◆ **Exercise brief**: Would you transcribe the listing exactly as it stands, minus any images?

◆ **Provided records**:
..........
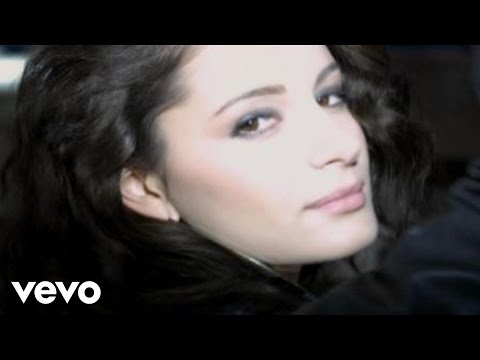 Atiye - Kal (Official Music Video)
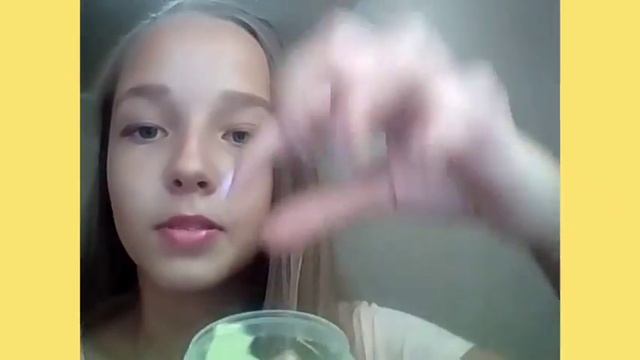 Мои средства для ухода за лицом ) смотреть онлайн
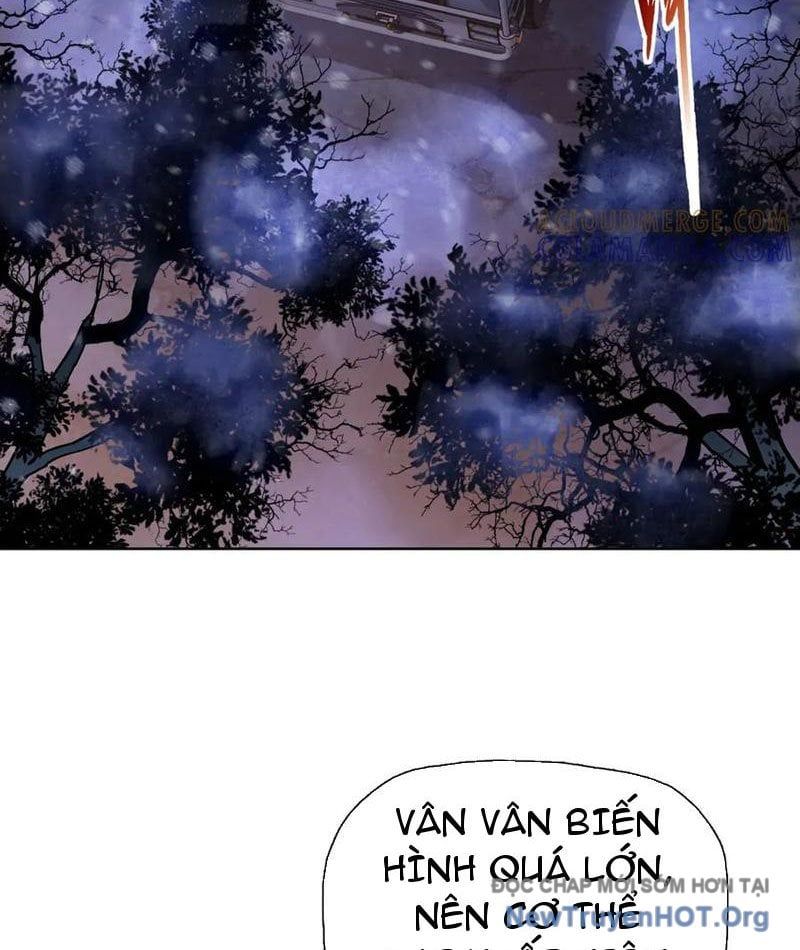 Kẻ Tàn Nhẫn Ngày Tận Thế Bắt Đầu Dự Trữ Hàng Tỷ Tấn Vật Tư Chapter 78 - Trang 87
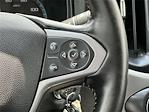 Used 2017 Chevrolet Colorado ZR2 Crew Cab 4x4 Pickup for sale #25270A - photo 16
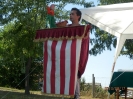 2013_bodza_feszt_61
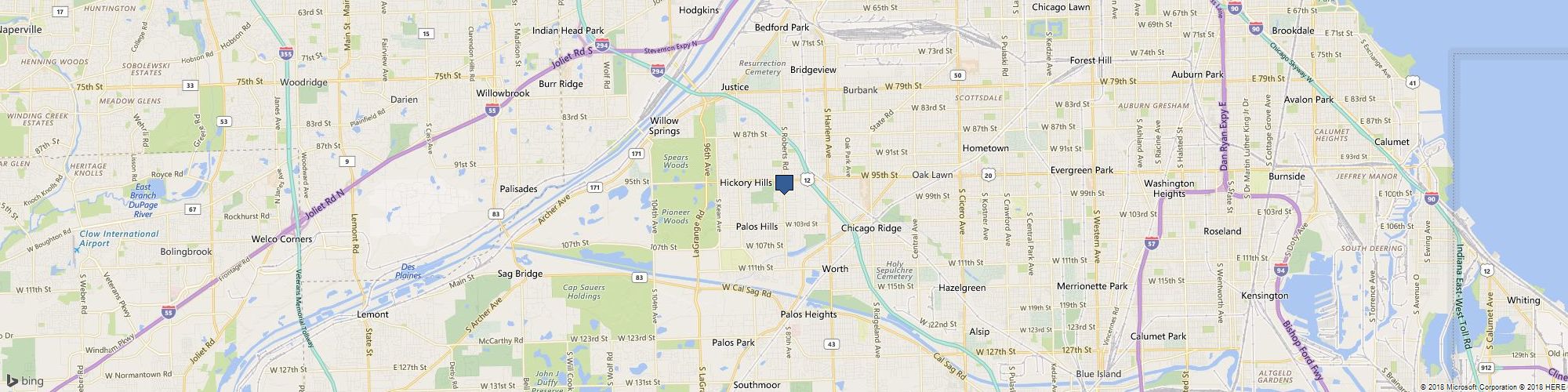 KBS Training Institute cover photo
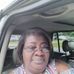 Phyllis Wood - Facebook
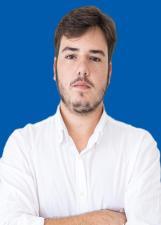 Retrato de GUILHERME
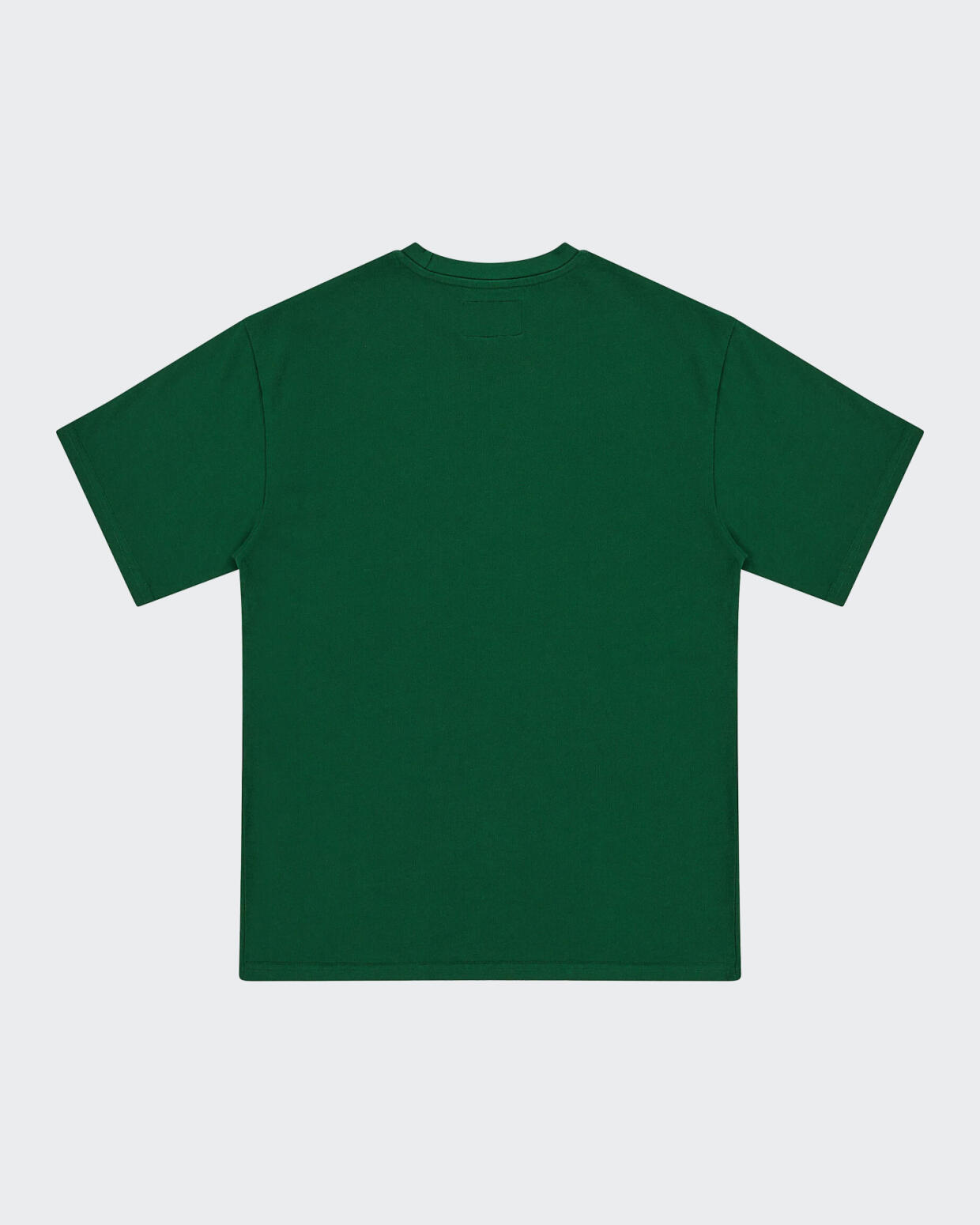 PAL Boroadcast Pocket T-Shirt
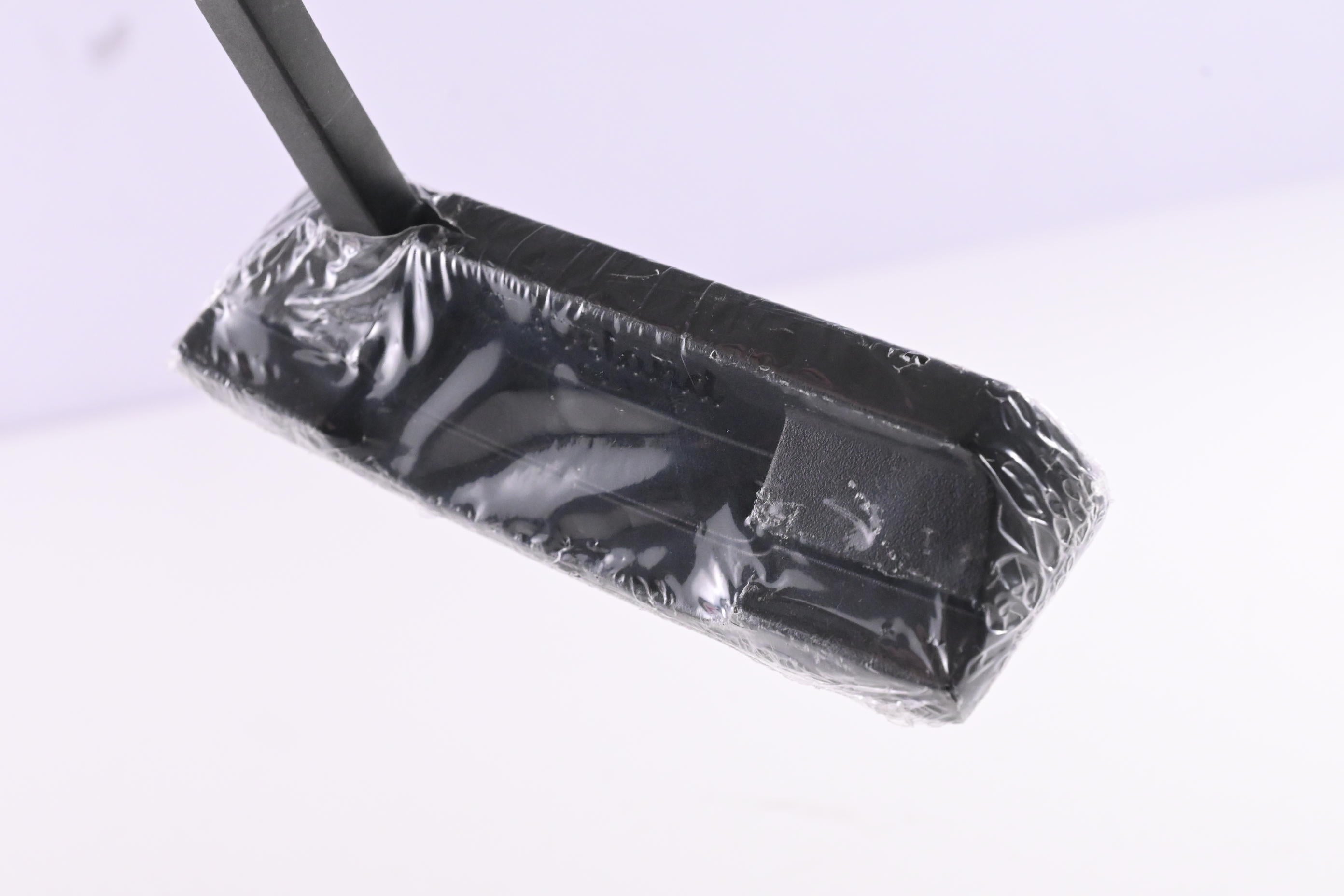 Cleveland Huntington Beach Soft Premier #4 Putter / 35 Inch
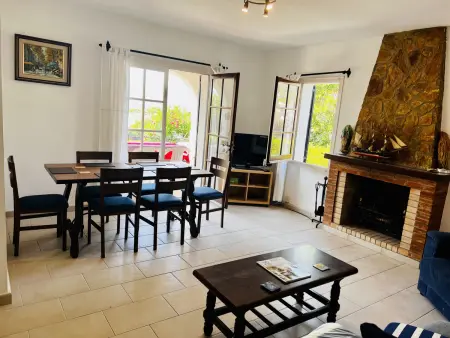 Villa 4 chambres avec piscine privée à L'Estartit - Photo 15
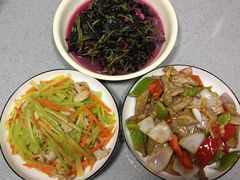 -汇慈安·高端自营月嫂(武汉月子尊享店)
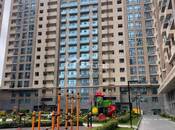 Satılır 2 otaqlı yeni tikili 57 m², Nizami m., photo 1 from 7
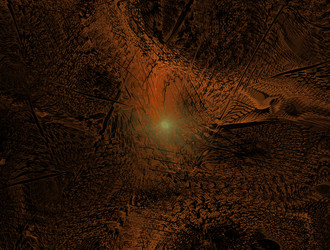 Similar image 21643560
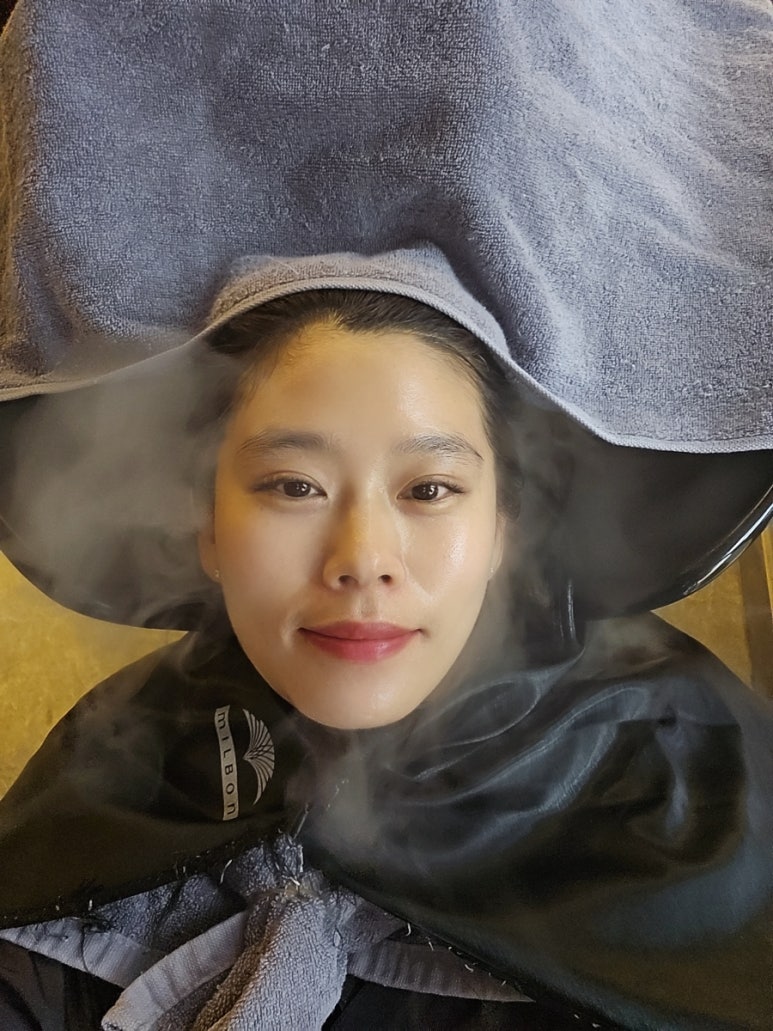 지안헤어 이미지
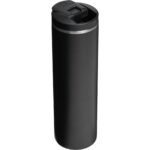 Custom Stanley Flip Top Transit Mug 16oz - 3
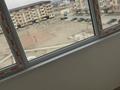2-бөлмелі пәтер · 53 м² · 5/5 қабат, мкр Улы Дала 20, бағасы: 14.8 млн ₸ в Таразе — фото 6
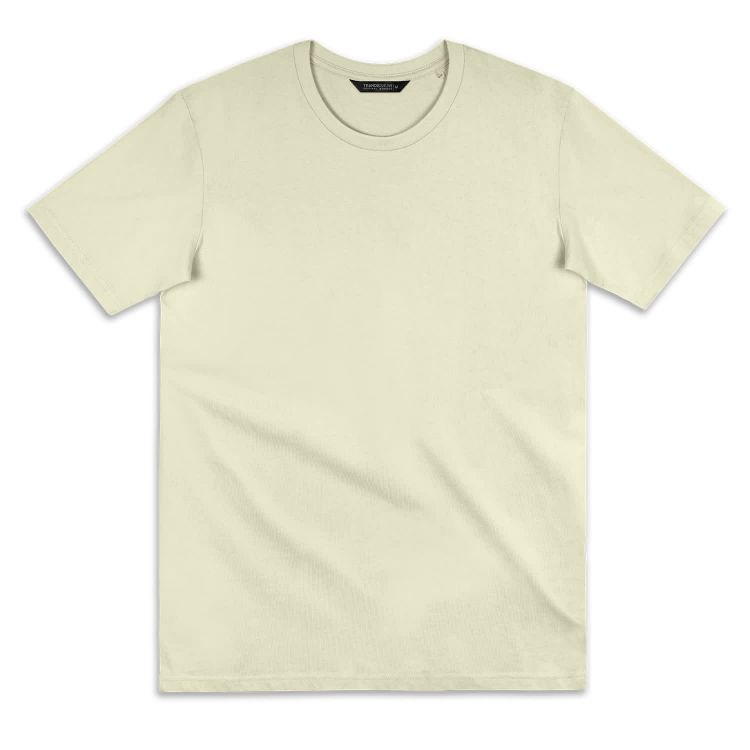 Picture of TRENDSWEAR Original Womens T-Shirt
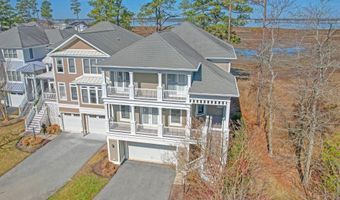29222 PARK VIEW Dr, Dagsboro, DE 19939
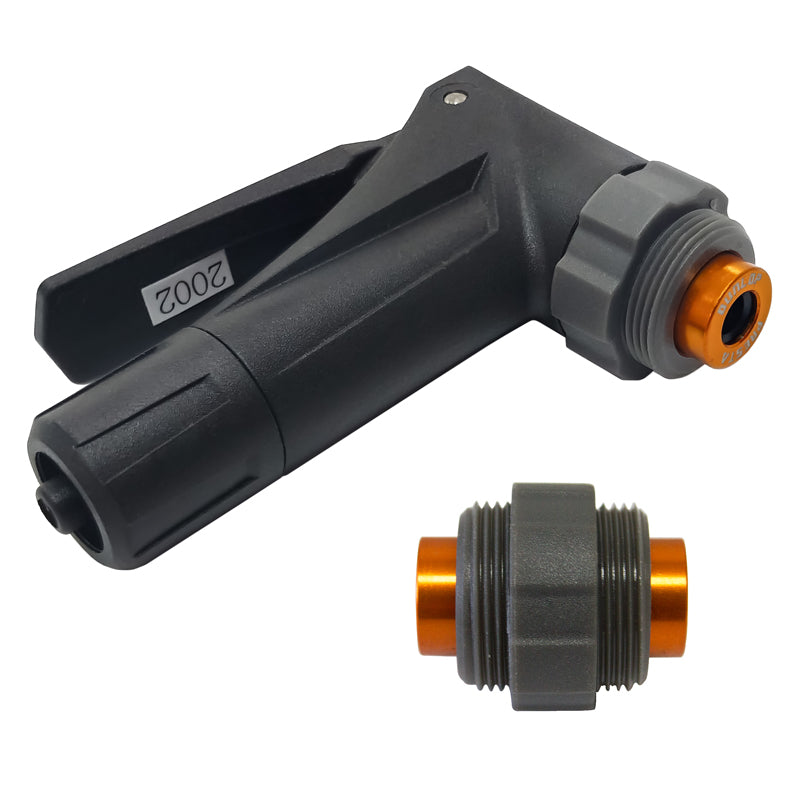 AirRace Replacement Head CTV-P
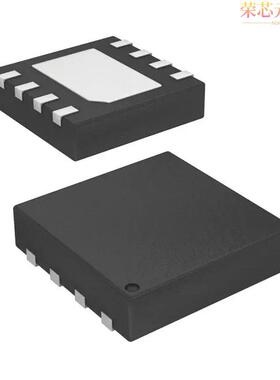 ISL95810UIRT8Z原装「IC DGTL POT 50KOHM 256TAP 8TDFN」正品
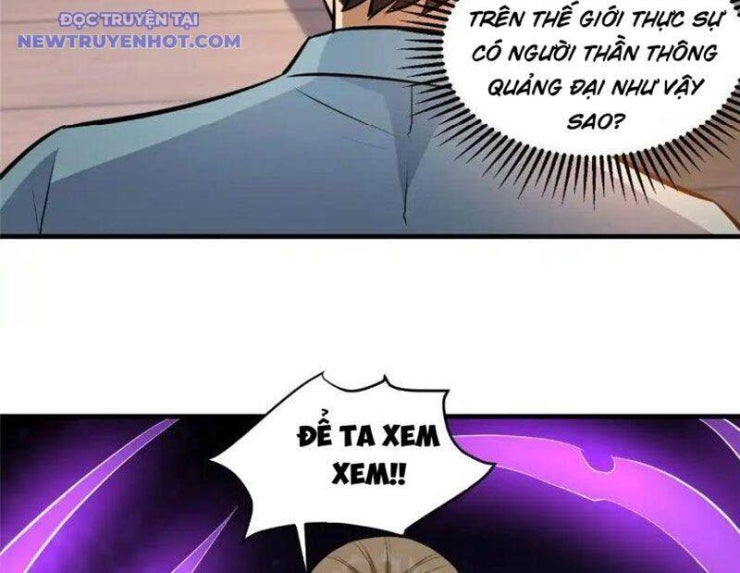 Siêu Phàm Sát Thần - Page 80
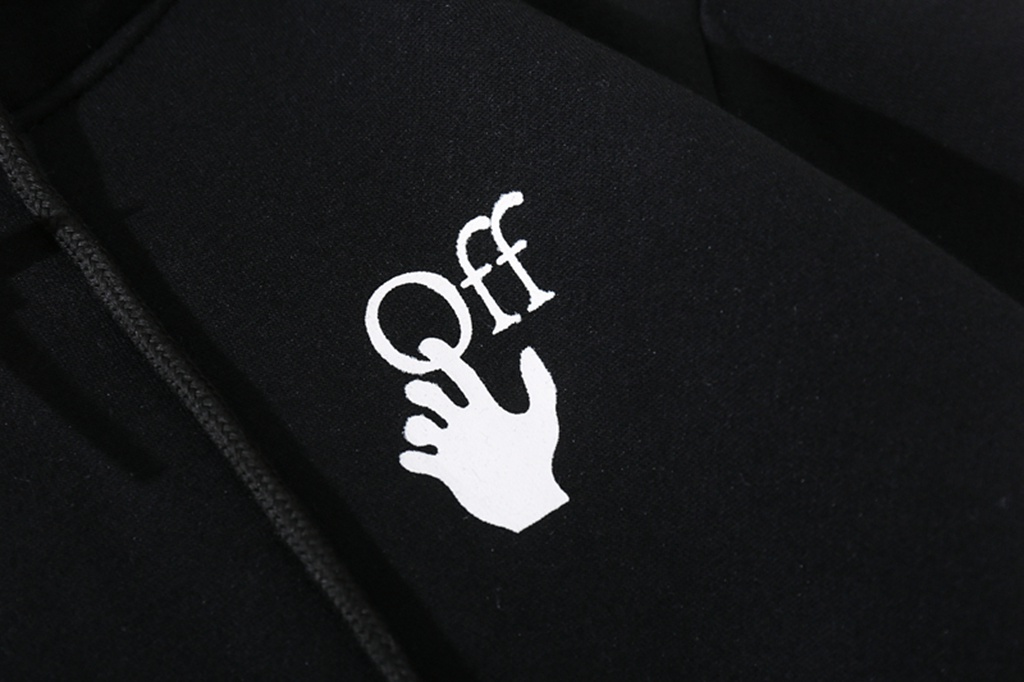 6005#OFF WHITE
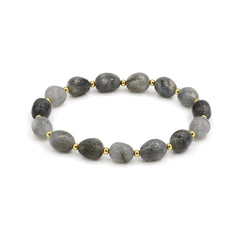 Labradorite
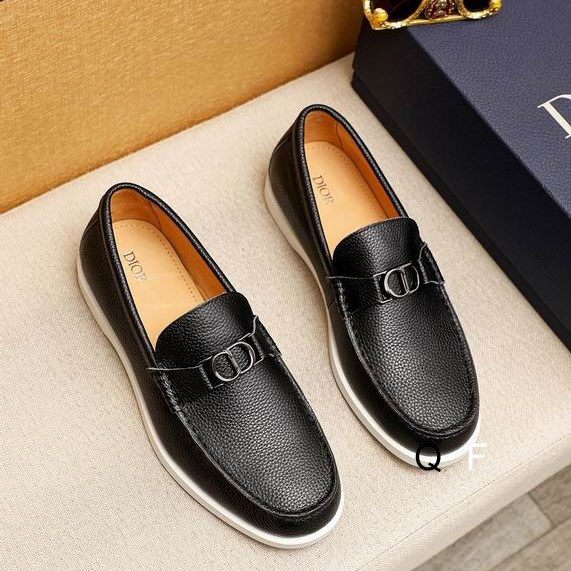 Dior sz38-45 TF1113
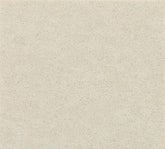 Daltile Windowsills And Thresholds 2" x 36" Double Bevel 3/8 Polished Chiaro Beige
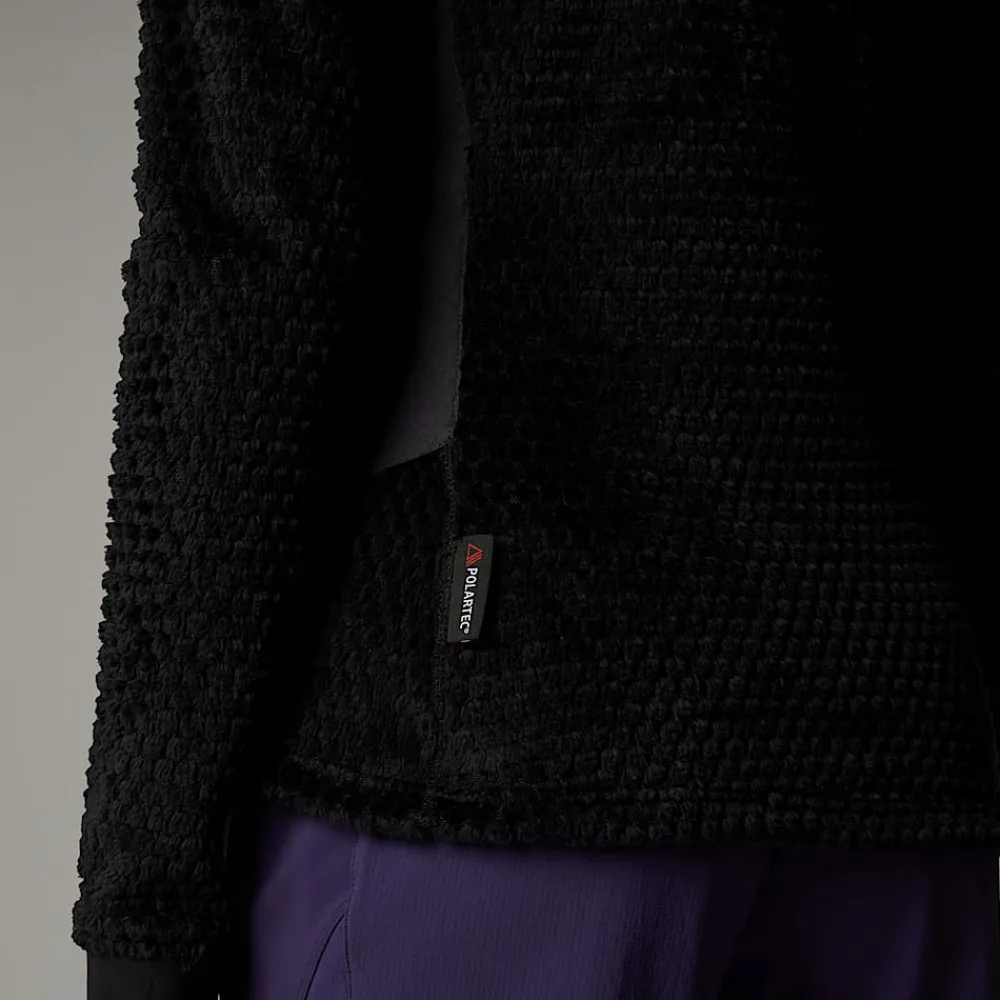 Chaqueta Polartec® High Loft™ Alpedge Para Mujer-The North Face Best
..........
◆ **Task response**:
 Atiye - Kal (Official Music Video)
 Мои средства для ухода за лицом ) смотреть онлайн
 Kẻ Tàn Nhẫn Ngày Tận Thế Bắt Đầu Dự Trữ Hàng Tỷ Tấn Vật Tư Chapter 78 - Trang 87
 Used 2017 Chevrolet Colorado ZR2 Crew Cab 4x4 Pickup for sale #25270A - photo 16
 2013_bodza_feszt_61
 KBS Training Institute cover photo
 Phyllis Wood - Facebook
 Retrato de GUILHERME
 PAL Boroadcast Pocket T-Shirt
 Cleveland Huntington Beach Soft Premier #4 Putter / 35 Inch
 Villa 4 chambres avec piscine privée à L'Estartit - Photo 15
 -汇慈安·高端自营月嫂(武汉月子尊享店)
 Satılır 2 otaqlı yeni tikili 57 m², Nizami m., photo 1 from 7
 Similar image 21643560
 지안헤어 이미지
 Custom Stanley Flip Top Transit Mug 16oz - 3
2-бөлмелі пәтер · 53 м² · 5/5 қабат, мкр Улы Дала 20, бағасы: 14.8 млн ₸ в Таразе — фото 6
 Picture of TRENDSWEAR Original Womens T-Shirt
29222 PARK VIEW Dr, Dagsboro, DE 19939
 AirRace Replacement Head CTV-P
 ISL95810UIRT8Z原装「IC DGTL POT 50KOHM 256TAP 8TDFN」正品
 Siêu Phàm Sát Thần - Page 80
 6005#OFF WHITE
 Labradorite
 Dior sz38-45 TF1113
 Daltile Windowsills And Thresholds 2" x 36" Double Bevel 3/8 Polished Chiaro Beige
 Chaqueta Polartec® High Loft™ Alpedge Para Mujer-The North Face Best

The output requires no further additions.